Leading Edge has developed a strong relationship with the city, said Brad Fraley, president and CEO of Leading Edge Aviation, the jet center’s parent company.

“When we came in, the city was looking for a company that was forward thinking and wanted to grow and increase the services at the airport, and that we did,” he said.

Leading Edge provides fuel to both commercial and private planes at the airport, with 15,000 fuelings since June 2017. Of those, 13,800 were for commercial planes, said Nelson Carrick, general manager of Leading Edge Jet Center.

Fuel for planes means revenue for the city. Redmond collects seven cents of every gallon of aviation fuel pumped at RDM. In 2018, that meant $315,000 brought in from 4.5 million gallons of fuel, according to the news release.

Leading Edge also provides tugging, de-icing, water and shuttle services for private aircraft and on-call maintenance and mechanic work for airlines, which sometimes need outside assistance because Redmond isn’t a hub airport. Fraley said Leading Edge serves customers from large corporations to two-seaters.

“From Gulfstreams all the way down to little Cessna 150s,” he said.

They joke that most of the maintenance calls seem to come in around 2 a.m.

“You don’t remember the ones during the day,” said Fraley, who grew up around the Redmond airport, where his father was FAA facilities manager.

The jet center also provides services for the U.S. Forest Service’s Redmond Air Center.

They’ve even been known to offer concierge services like securing concert tickets or babysitting customers’ children while their parents go to lunch.

“We take care of a lot of unusual requests,” Carrick said. “In this business, we don’t like to use the word ‘no.’ ”

Leading Edge became a fixed-base operator in Bend in 2005, after initially having a large flight school at the small airport.

“We started to do our own fueling for our flight school, and it just kind of grew from there,” Fraley said.

Leading Edge’s Bend facility is slightly smaller, at 3,200 square feet.

The new agreement with Leading Edge comes as the Redmond airport is booming. The city says landings and takeoffs at RDM have increased by 47 percent to 95,000 in the last two years.

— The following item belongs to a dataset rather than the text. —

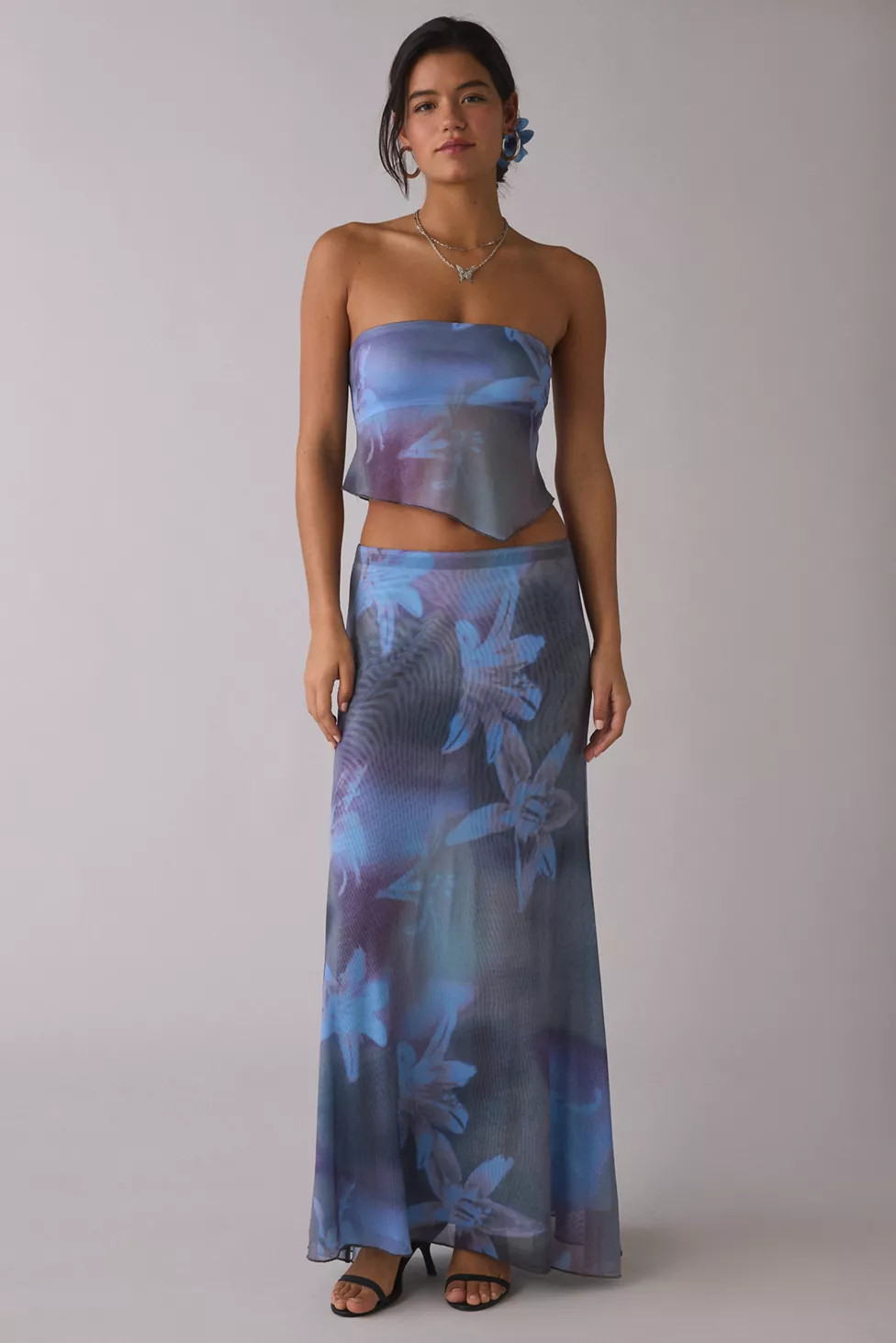 UO Shimmer Haze Printed Mesh Skirt 2-Piece Set | Urban Outfitters (US and RoW)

The increase in corporate planes makes up a large part of that, jumping by 20-to-25 percent recently, Carrick said.

The new facility, which Leading Edge plans to open in two years, will feature leasable office space for aviation-related businesses, as well as the ability to house larger corporate jets. Carrick said Leading Edge uses about eight hangars now in Redmond but none are large enough to house a Gulfstream.

“We’ve already got several companies inquiring about the new office space,” he said.

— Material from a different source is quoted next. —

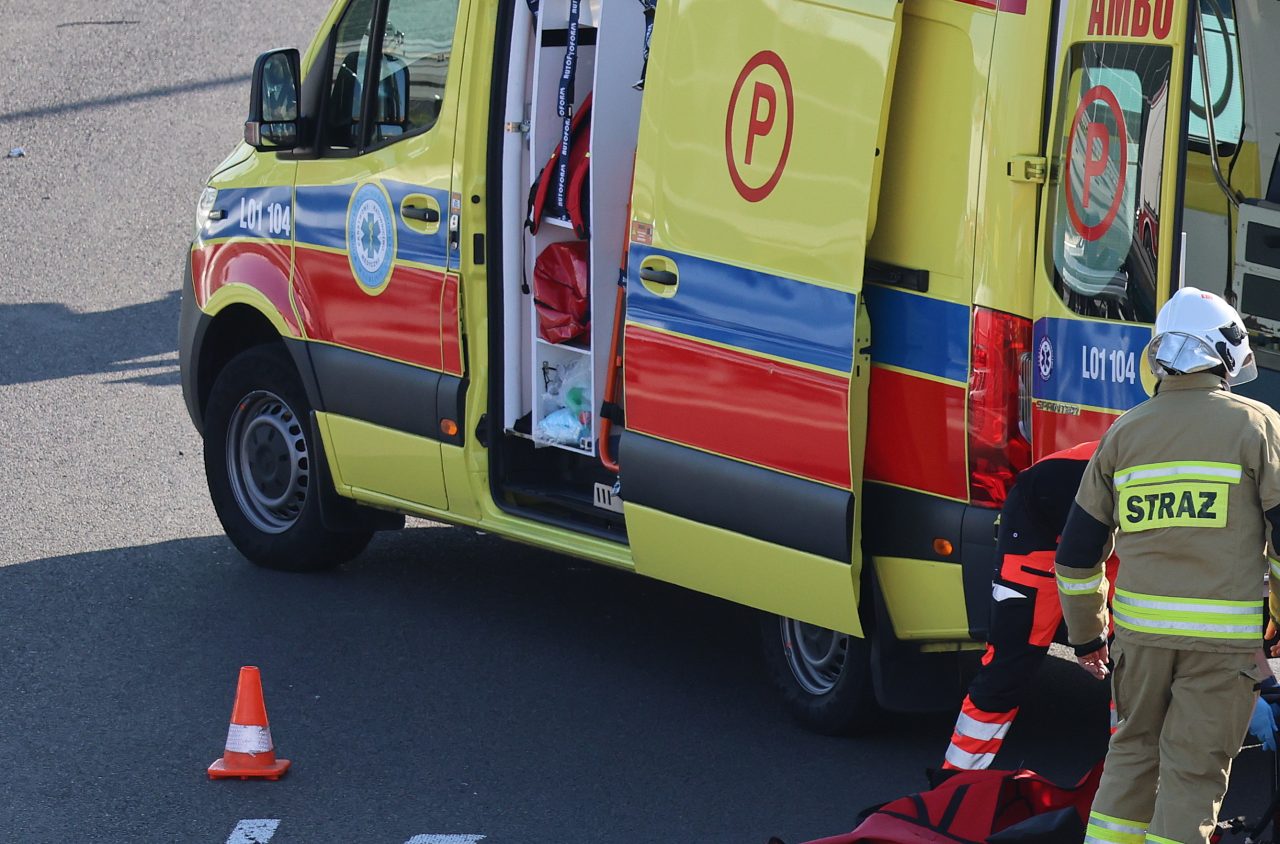Dachowanie samochodu na S12/S17 w Leścach. Jedna osoba poszkodowana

The company will also expand its parking lot at its facility, which is located on the north side of the airport off Veterans Way.

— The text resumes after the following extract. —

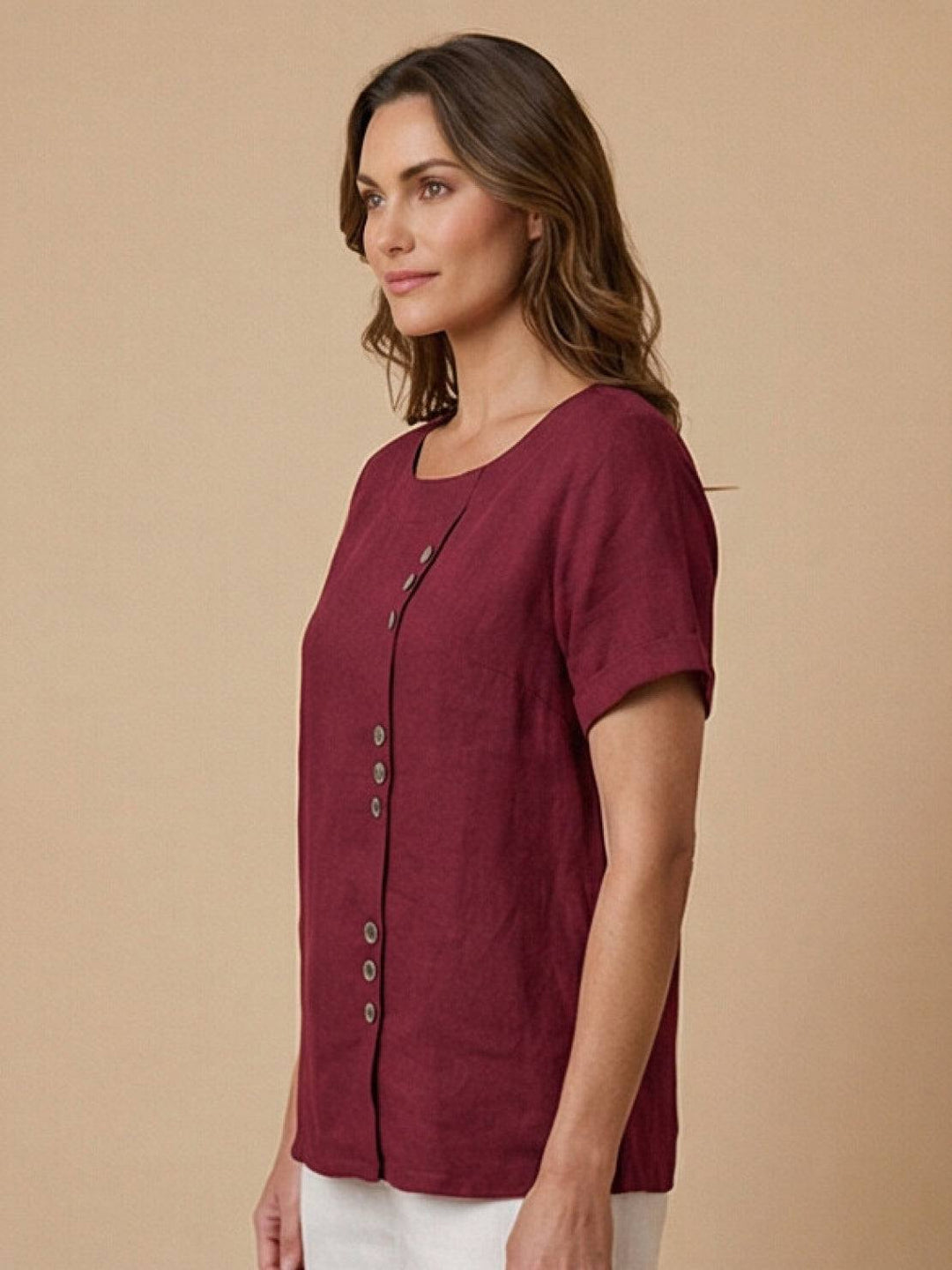 Foreen | Kvinders Casual Scoop Neck Knap Detalje Kortærmet Top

The growth in corporate air travel to Redmond has partly been stunted by a need for new facilities, Fraley said.

“It’s one of those rare instances in development where you say, ‘If you build it, they will come,’ and they really do,” he said.

The city-owned World War II hangar, which is leased to Leading Edge, will get $100,000 in improvements, including a re-siding and a new roof, as part of the new agreement. According to city documents, it is a standard hangar built for Air Force bases in the 1940s and the only remaining World War II building at the airport.

Carrick said the hangar was used to work on B-17 and B-38 Flying Fortress planes. The current fixed-based operator building features photos of the early days of Redmond aviation.

Though no analysis has been done on the economic impact of Leading Edge’s Redmond expansion, Jon Stark, senior director of Redmond Economic Development Inc., has heard positive things about the fixed-based operator.

“Leading Edge has already improved FBO services on the airport, as reported by several of our mutual customers,” he said.

While Redmond and Bend are now its only fixed-based operator facilities, Leading Edge could expand outside Deschutes County.

“We’re just always looking for new opportunities,” Fraley said.